The allocation will have more overhead than an alloca(), but my idea
is that if there are a larger number of entries the processing time
on the entires will outweigh the allocation.
I'm asking myself if there's a class in boost or another well-known
classlib that implements the same pattern.

So here's the code:

#pragma once
#include <cstddef>
#include <utility>
#include <stdexcept>
#include <algorithm>

template<typename T, std::size_t N>
struct overflow_array
{
overflow_array( std::size_t n );
~overflow_array();
T &operator []( std::size_t i );
T &front();
T &back();
T *data();
T *begin();
T *end();
T const *cbegin() const;
T const *cend() const;
void resize( std::size_t n );

private:
T m_array[N];
T *m_external;
T *m_begin,
*m_end;
};

template<typename T, std::size_t N>
inline
overflow_array<T, N>::overflow_array( std::size_t n )
{
if( N <= n )
{
m_external = nullptr;
m_begin = m_array;
return;
}
m_external = new T[n];
m_begin = m_external;
m_end = m_external + n;
}

template<typename T, std::size_t N>
inline
overflow_array<T, N>::~overflow_array()
{
if( m_external )
delete []m_external;
}

template<typename T, std::size_t N>
inline
T &overflow_array<T, N>::operator []( std::size_t i )
{
return m_begin[i];
}

template<typename T, std::size_t N>
inline
T &overflow_array<T, N>::front()
{
return *m_begin;
}

template<typename T, std::size_t N>
inline
T &overflow_array<T, N>::back()
{
return m_end[-1];
}

template<typename T, std::size_t N>
inline
T *overflow_array<T, N>::data()
{
return m_begin;
}

template<typename T, std::size_t N>
inline
T *overflow_array<T, N>::begin()
{
return m_begin;
}

template<typename T, std::size_t N>
inline
T *overflow_array<T, N>::end()
{
return m_end;
}

template<typename T, std::size_t N>
inline
T const *overflow_array<T, N>::cbegin() const
{
return m_begin;
}

template<typename T, std::size_t N>
inline
T const *overflow_array<T, N>::cend() const
{
return m_end;
}

template<typename T, std::size_t N>
inline
void overflow_array<T, N>::resize( std::size_t n )
{
if( n <= N )
return;
T *newExternal = new T[n];
copy( m_begin, m_end, newExternal );
delete []m_external;
m_external = newExternal;
m_begin = newExternal;
m_end = newExternal + n;
}

Bonita Montero

unread,
Nov 6, 2019, 5:46:26 AM11/6/19
to
> template<typename T, std::size_t N>
> inline
> overflow_array<T, N>::overflow_array( std::size_t n )
> {
>     if( N <= n )
>     {
>         m_external = nullptr;
>         m_begin = m_array;
m_end = m_array + n;

Paavo Helde

unread,
Nov 6, 2019, 6:18:36 AM11/6/19
to
On 6.11.2019 12:43, Bonita Montero wrote:
> I just found that alloca() with MSVC isn't that fast that it could be.
> alloca() calls a function called __chkstk which touches the pages down
> the stack to tigger Windows' overcommitting of stacks, That's while
> Windows is only able to allocate new pages to a stack when the pages
> are touched down the stack, i.e. you'll get a exception if you skip
> a page.
> So I came to the conclusion to write a little class that has a static
> internal buffer with two template-parameters: first the type of the
> internal static array and second the size of the array.
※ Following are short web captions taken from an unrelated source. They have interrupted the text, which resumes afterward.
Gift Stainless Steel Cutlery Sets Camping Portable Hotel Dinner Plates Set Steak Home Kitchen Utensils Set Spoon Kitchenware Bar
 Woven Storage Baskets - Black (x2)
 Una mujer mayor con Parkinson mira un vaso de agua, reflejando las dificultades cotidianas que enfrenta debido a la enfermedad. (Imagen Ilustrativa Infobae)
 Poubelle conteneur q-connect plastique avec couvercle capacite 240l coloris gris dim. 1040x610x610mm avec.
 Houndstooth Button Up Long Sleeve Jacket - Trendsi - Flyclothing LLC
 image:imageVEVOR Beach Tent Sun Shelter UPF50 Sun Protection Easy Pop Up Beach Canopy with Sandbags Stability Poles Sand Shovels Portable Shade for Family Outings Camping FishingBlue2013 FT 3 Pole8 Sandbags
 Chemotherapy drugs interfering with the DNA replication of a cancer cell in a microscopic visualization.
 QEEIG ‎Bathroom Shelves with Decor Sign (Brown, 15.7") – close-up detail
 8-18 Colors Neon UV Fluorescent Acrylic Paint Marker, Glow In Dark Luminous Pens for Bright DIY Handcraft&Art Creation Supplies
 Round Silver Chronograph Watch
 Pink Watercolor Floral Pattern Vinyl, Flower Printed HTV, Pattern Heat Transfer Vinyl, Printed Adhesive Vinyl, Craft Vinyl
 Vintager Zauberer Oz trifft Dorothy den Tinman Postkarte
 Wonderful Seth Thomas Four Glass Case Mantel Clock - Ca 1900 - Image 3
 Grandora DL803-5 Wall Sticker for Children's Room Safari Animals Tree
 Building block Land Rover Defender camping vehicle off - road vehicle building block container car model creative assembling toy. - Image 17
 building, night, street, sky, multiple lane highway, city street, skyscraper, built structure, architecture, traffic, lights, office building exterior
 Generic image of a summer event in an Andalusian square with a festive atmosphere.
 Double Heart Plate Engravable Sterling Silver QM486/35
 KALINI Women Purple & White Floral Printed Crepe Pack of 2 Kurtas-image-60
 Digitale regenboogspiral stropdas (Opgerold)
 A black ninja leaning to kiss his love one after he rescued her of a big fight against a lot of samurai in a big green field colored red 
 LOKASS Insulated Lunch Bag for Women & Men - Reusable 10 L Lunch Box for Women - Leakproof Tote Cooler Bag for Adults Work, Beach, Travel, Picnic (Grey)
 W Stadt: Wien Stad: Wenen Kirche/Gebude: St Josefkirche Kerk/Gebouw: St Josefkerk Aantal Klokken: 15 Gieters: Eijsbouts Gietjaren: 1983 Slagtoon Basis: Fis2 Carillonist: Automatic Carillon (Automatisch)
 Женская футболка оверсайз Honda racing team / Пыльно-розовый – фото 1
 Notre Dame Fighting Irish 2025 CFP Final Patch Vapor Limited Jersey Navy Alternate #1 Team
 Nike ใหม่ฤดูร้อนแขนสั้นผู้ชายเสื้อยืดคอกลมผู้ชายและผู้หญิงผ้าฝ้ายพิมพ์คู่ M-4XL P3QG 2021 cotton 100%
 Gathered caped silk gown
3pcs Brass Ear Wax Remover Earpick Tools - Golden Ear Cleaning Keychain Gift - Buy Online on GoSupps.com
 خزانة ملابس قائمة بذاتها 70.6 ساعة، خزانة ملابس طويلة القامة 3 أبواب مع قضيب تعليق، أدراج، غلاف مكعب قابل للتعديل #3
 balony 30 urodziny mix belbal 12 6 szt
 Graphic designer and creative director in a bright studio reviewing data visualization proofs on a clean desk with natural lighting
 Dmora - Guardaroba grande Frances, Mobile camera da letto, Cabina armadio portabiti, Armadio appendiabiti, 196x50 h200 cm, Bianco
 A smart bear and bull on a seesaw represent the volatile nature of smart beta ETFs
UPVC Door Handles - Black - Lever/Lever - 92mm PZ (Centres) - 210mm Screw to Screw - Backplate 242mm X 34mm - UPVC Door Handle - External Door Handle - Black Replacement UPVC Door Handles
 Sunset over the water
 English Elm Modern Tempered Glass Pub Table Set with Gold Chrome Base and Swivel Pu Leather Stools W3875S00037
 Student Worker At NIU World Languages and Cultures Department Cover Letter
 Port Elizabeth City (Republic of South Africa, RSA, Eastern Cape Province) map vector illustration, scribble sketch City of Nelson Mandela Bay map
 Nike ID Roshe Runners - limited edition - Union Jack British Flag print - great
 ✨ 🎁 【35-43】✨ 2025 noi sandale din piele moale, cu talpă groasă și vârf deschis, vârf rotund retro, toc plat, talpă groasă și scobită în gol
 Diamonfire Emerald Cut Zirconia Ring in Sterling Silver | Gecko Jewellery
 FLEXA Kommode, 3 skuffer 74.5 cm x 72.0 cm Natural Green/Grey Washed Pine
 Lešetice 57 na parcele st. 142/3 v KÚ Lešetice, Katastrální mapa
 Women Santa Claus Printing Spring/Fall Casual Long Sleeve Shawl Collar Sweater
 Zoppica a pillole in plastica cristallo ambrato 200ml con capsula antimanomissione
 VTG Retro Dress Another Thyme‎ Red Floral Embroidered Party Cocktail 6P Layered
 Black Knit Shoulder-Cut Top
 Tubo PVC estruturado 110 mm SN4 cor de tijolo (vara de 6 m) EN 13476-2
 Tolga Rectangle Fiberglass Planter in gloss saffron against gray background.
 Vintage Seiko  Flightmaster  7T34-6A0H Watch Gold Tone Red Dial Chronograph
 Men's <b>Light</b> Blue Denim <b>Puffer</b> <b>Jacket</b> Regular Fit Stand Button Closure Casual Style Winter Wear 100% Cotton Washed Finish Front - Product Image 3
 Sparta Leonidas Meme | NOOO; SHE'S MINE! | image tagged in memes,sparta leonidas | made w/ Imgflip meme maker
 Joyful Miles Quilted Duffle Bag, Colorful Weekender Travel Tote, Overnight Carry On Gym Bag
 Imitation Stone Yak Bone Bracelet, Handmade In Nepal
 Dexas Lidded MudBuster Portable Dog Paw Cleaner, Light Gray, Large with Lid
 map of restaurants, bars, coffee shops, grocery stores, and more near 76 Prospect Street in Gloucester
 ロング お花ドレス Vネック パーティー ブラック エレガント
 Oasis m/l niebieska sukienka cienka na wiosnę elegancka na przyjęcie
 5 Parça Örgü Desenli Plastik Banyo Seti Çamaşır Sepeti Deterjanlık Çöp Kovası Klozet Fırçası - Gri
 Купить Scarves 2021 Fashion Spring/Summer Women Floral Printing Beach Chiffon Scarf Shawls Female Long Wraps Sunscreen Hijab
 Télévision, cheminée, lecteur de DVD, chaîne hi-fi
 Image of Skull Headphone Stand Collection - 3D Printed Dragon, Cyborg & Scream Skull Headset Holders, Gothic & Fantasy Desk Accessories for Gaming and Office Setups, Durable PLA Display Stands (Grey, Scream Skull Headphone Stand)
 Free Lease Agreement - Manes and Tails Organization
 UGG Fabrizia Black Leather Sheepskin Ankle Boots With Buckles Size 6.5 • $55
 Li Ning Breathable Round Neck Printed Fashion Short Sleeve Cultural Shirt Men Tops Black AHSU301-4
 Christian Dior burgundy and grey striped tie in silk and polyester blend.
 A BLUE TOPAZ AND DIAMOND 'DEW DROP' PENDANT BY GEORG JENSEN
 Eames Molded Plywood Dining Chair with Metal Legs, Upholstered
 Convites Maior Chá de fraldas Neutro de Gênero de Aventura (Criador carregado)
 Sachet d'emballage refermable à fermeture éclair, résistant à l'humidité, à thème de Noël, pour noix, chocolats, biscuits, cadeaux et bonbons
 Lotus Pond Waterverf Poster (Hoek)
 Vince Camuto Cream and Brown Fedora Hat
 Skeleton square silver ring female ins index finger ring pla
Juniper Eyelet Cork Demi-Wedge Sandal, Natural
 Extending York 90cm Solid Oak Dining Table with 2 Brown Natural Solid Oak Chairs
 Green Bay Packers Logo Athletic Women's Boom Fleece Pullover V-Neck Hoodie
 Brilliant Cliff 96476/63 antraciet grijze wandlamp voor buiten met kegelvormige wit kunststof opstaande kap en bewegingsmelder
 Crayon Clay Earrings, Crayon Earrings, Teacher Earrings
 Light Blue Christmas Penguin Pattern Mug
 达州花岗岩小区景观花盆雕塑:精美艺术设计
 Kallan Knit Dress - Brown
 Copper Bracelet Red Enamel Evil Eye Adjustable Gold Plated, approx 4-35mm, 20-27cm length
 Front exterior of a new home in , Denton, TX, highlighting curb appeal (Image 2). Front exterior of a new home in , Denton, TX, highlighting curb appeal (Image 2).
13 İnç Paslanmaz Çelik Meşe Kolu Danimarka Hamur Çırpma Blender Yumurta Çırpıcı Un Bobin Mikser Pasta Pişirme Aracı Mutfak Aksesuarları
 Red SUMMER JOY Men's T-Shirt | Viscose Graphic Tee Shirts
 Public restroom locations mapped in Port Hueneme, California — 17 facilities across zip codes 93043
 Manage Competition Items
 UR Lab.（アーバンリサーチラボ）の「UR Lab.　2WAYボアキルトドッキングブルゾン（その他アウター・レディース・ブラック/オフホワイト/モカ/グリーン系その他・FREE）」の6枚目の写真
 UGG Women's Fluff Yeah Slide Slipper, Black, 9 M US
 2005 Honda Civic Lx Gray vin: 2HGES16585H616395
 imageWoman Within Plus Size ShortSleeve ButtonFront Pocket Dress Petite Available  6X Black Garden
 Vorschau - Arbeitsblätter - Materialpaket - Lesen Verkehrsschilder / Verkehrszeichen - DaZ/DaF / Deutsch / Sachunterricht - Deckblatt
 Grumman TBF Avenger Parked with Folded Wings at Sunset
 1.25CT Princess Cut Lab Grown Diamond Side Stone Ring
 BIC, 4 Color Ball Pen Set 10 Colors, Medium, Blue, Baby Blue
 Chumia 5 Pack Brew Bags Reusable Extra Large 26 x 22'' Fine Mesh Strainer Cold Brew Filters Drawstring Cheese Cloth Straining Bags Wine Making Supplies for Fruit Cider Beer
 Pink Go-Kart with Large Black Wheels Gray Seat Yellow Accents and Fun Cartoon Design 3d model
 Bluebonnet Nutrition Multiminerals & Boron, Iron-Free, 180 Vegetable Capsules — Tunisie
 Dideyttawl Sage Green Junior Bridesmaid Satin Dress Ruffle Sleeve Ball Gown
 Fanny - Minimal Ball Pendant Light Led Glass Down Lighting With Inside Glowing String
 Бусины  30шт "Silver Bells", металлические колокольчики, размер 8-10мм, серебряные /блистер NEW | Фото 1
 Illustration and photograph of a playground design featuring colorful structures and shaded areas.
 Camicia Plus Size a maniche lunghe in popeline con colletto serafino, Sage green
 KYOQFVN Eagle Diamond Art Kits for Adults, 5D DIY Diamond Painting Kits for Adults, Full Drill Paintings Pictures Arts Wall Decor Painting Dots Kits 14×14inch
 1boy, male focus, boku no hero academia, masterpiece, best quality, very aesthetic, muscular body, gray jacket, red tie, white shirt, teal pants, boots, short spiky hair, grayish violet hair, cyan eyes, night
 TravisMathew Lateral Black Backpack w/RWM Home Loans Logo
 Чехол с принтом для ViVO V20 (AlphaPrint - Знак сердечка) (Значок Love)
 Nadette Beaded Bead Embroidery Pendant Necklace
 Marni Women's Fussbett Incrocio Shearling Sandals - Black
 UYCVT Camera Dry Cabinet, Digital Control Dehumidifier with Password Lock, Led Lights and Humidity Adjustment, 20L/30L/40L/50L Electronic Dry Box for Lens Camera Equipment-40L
The construc-
> tor takes a parameter which will be the final size of the container;
> if it is larger than the second template-parameter, an external array
> will be allocated via new T[N].
> The allocation will have more overhead than an alloca(), but my idea
> is that if there are a larger number of entries the processing time
> on the entires will outweigh the allocation.
> I'm asking myself if there's a class in boost or another well-known
> classlib that implements the same pattern.

Looks like boost::container::small_vector:
"https://www.boost.org/doc/libs/1_71_0/doc/html/boost/container/small_vector.html"

Marcel Mueller

unread,
Nov 6, 2019, 3:01:07 PM11/6/19
to
Am 06.11.19 um 11:43 schrieb Bonita Montero:
> I just found that alloca() with MSVC isn't that fast that it could be.
> alloca() calls a function called __chkstk which touches the pages down
> the stack to tigger Windows' overcommitting of stacks,

Guard pages are no Windows-only feature.

> That's while
> Windows is only able to allocate new pages to a stack when the pages
> are touched down the stack, i.e. you'll get a exception if you skip
> a page.

Exactly. This prevents from accidental out of bounds access.

But there should be functions that commit more than one stack page at
once. (I don't remember exactly on WinXX)

On the other side it is bad practice to allocate large data structures
on the stack. The maximum stack size is always limited and cannot be
enlarged once a thread has been started, because the virtual address
space of the stack must be continuous.


> So I came to the conclusion to write a little class that has a static
> internal buffer with two template-parameters: first the type of the
> internal static array and second the size of the array. The construc-
> tor takes a parameter which will be the final size of the container;
> if it is larger than the second template-parameter, an external array
> will be allocated via new T[N].
> The allocation will have more overhead than an alloca(), but my idea
> is that if there are a larger number of entries the processing time
> on the entires will outweigh the allocation.

So basically you wrote a collection with a limited inline storage.

> I'm asking myself if there's a class in boost or another well-known
> classlib that implements the same pattern.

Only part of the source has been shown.